Sun Lei, Wang Jun, Wei Jinmao
Institute of Big Data, College of Computer and Control Engineering, Nankai University, 38 Tongyan Road, Tianjin, 300350, China.
BMC Bioinformatics. 2017 Mar 14;18(Suppl 3):50. doi: 10.1186/s12859-017-1468-4.
The Receiver Operator Characteristic (ROC) curve is well-known in evaluating classification performance in biomedical field. Owing to its superiority in dealing with imbalanced and cost-sensitive data, the ROC curve has been exploited as a popular metric to evaluate and find out disease-related genes (features). The existing ROC-based feature selection approaches are simple and effective in evaluating individual features. However, these approaches may fail to find real target feature subset due to their lack of effective means to reduce the redundancy between features, which is essential in machine learning.

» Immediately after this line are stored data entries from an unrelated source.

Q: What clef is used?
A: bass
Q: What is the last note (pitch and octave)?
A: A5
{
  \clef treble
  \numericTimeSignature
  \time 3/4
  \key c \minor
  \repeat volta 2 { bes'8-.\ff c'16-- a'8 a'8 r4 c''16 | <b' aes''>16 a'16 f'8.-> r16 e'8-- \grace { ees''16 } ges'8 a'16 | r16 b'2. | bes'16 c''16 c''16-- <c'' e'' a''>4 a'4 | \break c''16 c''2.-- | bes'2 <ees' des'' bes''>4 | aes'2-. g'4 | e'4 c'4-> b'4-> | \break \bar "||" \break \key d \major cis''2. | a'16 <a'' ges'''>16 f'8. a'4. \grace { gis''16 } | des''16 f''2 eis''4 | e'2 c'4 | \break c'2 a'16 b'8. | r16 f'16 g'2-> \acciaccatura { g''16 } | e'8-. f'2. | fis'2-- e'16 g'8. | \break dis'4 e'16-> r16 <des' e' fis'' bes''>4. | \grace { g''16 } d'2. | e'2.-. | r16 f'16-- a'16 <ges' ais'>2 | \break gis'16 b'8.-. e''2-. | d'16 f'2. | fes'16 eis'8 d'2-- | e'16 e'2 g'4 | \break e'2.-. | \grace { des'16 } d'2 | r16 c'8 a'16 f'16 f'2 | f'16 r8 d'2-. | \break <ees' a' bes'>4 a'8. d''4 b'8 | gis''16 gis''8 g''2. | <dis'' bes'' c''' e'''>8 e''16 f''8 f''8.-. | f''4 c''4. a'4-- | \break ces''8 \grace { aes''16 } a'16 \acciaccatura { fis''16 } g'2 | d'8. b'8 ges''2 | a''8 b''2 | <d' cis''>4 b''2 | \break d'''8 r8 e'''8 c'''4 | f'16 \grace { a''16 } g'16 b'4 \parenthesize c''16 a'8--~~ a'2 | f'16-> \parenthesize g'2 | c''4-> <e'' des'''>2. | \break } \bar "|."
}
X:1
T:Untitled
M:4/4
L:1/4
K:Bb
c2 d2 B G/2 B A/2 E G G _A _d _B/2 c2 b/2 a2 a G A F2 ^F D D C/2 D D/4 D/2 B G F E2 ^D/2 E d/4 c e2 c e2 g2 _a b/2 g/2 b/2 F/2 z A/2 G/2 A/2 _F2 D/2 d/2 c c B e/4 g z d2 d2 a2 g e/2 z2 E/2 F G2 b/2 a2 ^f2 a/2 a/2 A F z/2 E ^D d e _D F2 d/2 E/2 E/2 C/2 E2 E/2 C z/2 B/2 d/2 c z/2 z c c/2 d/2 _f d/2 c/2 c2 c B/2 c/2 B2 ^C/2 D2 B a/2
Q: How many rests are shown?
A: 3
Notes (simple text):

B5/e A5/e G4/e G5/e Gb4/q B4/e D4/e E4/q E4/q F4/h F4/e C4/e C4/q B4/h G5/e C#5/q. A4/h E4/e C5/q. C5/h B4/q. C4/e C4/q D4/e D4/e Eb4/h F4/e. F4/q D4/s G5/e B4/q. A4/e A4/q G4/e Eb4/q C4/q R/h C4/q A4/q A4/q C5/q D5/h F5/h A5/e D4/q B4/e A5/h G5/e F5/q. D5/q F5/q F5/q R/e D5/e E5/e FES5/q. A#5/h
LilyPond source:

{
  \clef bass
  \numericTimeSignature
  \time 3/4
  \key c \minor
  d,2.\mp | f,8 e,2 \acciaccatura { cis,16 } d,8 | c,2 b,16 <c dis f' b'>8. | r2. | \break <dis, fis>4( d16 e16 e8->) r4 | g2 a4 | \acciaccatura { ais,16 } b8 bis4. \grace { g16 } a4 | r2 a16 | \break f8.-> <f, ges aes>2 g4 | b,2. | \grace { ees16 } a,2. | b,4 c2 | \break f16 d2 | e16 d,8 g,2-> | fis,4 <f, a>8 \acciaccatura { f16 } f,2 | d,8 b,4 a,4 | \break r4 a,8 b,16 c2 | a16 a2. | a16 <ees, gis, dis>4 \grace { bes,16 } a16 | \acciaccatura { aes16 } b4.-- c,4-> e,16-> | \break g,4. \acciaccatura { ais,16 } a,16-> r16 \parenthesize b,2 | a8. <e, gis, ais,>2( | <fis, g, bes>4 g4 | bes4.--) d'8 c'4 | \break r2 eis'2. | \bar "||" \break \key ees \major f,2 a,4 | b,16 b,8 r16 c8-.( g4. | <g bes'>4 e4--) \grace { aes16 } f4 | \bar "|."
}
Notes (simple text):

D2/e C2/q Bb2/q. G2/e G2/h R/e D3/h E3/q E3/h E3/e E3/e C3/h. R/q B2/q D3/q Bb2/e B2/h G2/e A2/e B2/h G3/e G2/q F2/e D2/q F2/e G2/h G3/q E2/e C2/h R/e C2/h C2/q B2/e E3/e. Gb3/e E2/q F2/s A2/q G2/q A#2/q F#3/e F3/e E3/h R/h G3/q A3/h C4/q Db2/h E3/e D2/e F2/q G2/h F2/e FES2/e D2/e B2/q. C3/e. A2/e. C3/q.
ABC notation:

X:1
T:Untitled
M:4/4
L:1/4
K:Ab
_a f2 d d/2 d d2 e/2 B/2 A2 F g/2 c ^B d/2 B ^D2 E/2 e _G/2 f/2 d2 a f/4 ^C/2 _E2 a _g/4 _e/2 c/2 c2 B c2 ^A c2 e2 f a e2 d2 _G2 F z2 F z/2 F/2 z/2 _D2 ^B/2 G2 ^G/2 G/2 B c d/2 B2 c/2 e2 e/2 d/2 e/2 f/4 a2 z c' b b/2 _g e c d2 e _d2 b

In this paper, we propose to assess feature complementarity by a trick of measuring the distances between the misclassified instances and their nearest misses on the dimensions of pairwise features. If a misclassified instance and its nearest miss on one feature dimension are far apart on another feature dimension, the two features are regarded as complementary to each other. Subsequently, we propose a novel filter feature selection approach on the basis of the ROC analysis. The new approach employs an efficient heuristic search strategy to select optimal features with highest complementarities. The experimental results on a broad range of microarray data sets validate that the classifiers built on the feature subset selected by our approach can get the minimal balanced error rate with a small amount of significant features.
Compared with other ROC-based feature selection approaches, our new approach can select fewer features and effectively improve the classification performance.
在生物医学领域评估分类性能时,接收者操作特征(ROC)曲线广为人知。由于其在处理不平衡和成本敏感数据方面的优势,ROC曲线已被用作评估和找出疾病相关基因(特征)的常用指标。现有的基于ROC的特征选择方法在评估单个特征时简单有效。然而,由于缺乏减少特征间冗余的有效手段,这些方法可能无法找到真正的目标特征子集,而特征间冗余在机器学习中至关重要。
在本文中,我们提出通过一种技巧来评估特征互补性,即测量成对特征维度上误分类实例与其最近的未命中实例之间的距离。如果一个误分类实例与其在一个特征维度上最近的未命中实例在另一个特征维度上相距很远,则认为这两个特征相互互补。随后,我们基于ROC分析提出了一种新颖的过滤特征选择方法。新方法采用高效的启发式搜索策略来选择具有最高互补性的最优特征。在广泛的微阵列数据集上的实验结果验证了基于我们方法选择的特征子集构建的分类器能够以少量显著特征获得最小的平衡错误率。
与其他基于ROC的特征选择方法相比,我们的新方法能够选择更少的特征并有效提高分类性能。